(PROBLEM DETAILS):
Exactly as they appear below, repeat the lines from the one with "Thomas Maine Trui met rits beige" through the one with "モダン素朴木3枚 ラウンド壁時計 (正面)", and no others.

Caption-style text data
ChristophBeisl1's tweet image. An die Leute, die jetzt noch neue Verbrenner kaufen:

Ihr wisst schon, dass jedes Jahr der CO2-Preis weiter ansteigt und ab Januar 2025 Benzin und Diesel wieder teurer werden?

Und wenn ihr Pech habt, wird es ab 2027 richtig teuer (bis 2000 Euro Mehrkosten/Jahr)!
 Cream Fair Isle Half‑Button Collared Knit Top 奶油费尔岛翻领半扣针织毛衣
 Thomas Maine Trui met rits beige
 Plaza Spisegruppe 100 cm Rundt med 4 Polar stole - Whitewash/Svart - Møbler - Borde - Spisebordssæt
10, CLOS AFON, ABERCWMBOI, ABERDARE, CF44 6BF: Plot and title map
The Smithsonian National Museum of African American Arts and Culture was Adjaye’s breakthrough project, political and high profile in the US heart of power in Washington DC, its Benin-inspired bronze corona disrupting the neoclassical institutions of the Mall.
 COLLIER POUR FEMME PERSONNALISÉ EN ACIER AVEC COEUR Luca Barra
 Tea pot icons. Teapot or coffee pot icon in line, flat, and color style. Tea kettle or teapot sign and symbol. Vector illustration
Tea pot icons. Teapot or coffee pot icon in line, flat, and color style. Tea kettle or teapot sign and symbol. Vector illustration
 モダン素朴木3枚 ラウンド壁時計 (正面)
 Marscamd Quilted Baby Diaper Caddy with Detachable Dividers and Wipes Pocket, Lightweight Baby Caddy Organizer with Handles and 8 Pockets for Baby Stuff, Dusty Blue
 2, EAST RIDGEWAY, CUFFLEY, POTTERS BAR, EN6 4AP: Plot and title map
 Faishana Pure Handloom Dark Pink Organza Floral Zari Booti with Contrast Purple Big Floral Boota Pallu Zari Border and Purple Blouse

(TASK RESPONSE):
 Thomas Maine Trui met rits beige
 Plaza Spisegruppe 100 cm Rundt med 4 Polar stole - Whitewash/Svart - Møbler - Borde - Spisebordssæt
10, CLOS AFON, ABERCWMBOI, ABERDARE, CF44 6BF: Plot and title map
The Smithsonian National Museum of African American Arts and Culture was Adjaye’s breakthrough project, political and high profile in the US heart of power in Washington DC, its Benin-inspired bronze corona disrupting the neoclassical institutions of the Mall.
 COLLIER POUR FEMME PERSONNALISÉ EN ACIER AVEC COEUR Luca Barra
 Tea pot icons. Teapot or coffee pot icon in line, flat, and color style. Tea kettle or teapot sign and symbol. Vector illustration
Tea pot icons. Teapot or coffee pot icon in line, flat, and color style. Tea kettle or teapot sign and symbol. Vector illustration
 モダン素朴木3枚 ラウンド壁時計 (正面)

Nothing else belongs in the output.